Normally format characters are excluded from identifiers, because their usage 
allows two apparently identical strings to represent different underlying 
strings. However, for historical reasons, certain format characters are used to 
mark visible distinctions in particular cases, distinctions that are necessary 
for important semantic distinctions in certain languages. Identifier systems 
that attempt to provide more natural representations of terms, such as 
geographic names, company names, and so on should consider allowing these 
characters, but limited to the following contexts. 
The match to the regular expressions below must also only consist of characters 
from a single script (after ignoring Common and Inherited Script characters).

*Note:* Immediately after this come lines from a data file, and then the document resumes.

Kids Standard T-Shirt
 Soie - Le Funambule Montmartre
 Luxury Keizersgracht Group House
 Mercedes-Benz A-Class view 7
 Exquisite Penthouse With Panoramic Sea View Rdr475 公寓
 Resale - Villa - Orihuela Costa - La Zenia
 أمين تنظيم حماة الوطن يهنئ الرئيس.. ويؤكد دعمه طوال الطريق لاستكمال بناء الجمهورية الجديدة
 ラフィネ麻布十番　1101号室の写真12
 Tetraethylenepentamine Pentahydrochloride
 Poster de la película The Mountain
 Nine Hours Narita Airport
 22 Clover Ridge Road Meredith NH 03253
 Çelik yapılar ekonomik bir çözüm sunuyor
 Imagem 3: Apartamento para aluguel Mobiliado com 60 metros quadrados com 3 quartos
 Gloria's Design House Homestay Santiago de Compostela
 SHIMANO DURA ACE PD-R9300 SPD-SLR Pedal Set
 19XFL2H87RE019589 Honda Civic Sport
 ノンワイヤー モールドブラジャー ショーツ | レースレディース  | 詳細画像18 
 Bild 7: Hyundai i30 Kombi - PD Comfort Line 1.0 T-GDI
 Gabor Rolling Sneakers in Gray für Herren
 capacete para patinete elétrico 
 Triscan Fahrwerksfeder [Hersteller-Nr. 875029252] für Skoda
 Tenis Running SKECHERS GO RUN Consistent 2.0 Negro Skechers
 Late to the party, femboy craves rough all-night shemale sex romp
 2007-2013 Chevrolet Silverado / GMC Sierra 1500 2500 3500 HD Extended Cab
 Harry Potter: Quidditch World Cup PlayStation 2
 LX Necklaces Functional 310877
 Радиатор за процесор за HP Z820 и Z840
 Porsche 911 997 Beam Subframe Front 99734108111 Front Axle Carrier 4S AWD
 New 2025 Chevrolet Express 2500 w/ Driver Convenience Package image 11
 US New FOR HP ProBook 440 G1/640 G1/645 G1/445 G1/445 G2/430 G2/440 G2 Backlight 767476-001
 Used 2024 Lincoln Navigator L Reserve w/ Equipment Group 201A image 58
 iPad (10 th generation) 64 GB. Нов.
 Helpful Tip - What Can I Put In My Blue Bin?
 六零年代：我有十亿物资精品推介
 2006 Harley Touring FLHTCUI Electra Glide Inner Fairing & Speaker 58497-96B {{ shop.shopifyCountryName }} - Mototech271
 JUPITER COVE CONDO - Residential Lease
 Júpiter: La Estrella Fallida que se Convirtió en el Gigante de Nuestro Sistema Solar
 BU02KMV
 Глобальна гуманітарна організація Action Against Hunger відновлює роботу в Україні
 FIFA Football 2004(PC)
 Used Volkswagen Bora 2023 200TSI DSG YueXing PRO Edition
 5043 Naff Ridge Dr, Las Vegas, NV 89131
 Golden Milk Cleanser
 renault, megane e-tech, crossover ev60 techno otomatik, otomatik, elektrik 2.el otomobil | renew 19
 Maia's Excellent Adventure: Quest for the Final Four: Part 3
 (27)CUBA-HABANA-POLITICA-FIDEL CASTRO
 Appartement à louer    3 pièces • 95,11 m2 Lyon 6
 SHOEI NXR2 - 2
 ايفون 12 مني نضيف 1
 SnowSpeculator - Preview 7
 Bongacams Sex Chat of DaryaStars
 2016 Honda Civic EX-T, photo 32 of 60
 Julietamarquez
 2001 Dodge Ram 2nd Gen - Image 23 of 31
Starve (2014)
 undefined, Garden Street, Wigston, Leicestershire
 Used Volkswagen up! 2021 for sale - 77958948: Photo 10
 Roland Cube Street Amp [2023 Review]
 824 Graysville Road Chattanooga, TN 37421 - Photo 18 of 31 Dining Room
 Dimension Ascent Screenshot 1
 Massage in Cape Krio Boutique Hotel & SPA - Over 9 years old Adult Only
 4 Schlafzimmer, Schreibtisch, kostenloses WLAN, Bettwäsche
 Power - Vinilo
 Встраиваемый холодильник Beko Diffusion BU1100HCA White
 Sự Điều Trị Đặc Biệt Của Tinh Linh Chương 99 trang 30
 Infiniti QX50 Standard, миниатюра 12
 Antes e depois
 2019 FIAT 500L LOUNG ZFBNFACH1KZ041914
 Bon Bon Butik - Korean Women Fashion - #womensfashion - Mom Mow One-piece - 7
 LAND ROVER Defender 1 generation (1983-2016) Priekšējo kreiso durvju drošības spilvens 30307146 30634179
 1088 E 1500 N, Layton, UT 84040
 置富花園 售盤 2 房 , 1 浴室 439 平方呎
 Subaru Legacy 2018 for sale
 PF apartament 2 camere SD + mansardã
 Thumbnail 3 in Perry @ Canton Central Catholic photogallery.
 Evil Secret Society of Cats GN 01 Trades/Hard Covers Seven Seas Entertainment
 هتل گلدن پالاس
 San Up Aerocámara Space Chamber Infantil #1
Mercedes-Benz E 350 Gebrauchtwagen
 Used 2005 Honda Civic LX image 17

ZWNJ in the following contexts:
	- At a position in a string that causes adjacent characters to break a 
	cursive connection. That is, in the context based on the Arabic Shaping 
	using the following regular expression: 
	
		- /$R $T? ZWNJ $T? $L/
		where:
 
			- $T = [:Joining_Type=Transparent:]
 
			- $R = [[:Joining_Type=Dual_Joining:][: Joining_Type=Right_Joining:]] 
			
 
			- $L = [[:Joining_Type=Dual_Joining:][:Joining_Type=Left_Joining:]]
  
		
		 
		- Example: Farsi <Noon, Alef, 
		Meem, Heh, Alef, Farsi Yeh>. Without a ZWNJ, it translates to "names"; 
		with a ZWNJ between Heh and Alef, it means "a letter".
  
	
	 
	- In a conjunt context. that is a sequence of the form  
	
		- /$L $M* $V ZWNJ $M* $L/
		where:
 
			- $L = [:General_Category=Letter:]
 
			- $M = [:General_Category=Mark:]
 
			- $V = [:Canonical_Combining_Class=Virama:]
  
		
		 
		- Example: in Malayalam, we 
		recommend the use of ZWJ and 
		ZWNJ to make distinctions involving cillu forms. (See p. 337 of TUS 
		5.0.) The status changes once the cillu forms are separately encoded in 
		5.1.
 
	
	 
ZWJ in the following contexts:
	- In a conjunt context. that is a sequence of the form 
		- /$L $M* $V ZWJ $M* $L/
		where:
 
			- $L = [:General_Category=Letter:]
 
			- $M = [:General_Category=Mark:]
 
			- $V = [:Canonical_Combining_Class=Virama:]
  
		
		 
		- Example: Devanagari RA + 
		VIRAMA + ZWJ + KA 
 
		- Example: Sinhala 'ශ්රී ලංකා' 
		(the country 'Sri Lanka'), which uses both a space character and a
		ZWJ. Removing the space gives 
		'ශ්රීලංකා' which is still readable, but removing the
		ZWJ completely modifies the 
		appearance of the 'Sri' cluster and gives the following text: 'ශ්රී 
		ලංකා'. 
 
	
	 
Because of the rarity of these characters, this does not have any appreciable 
performance implications. Note that while it would be possible to make the 
contexts listed above somewhat narrower, in practice there is no advantage to 
that, and the above is computationally simpler.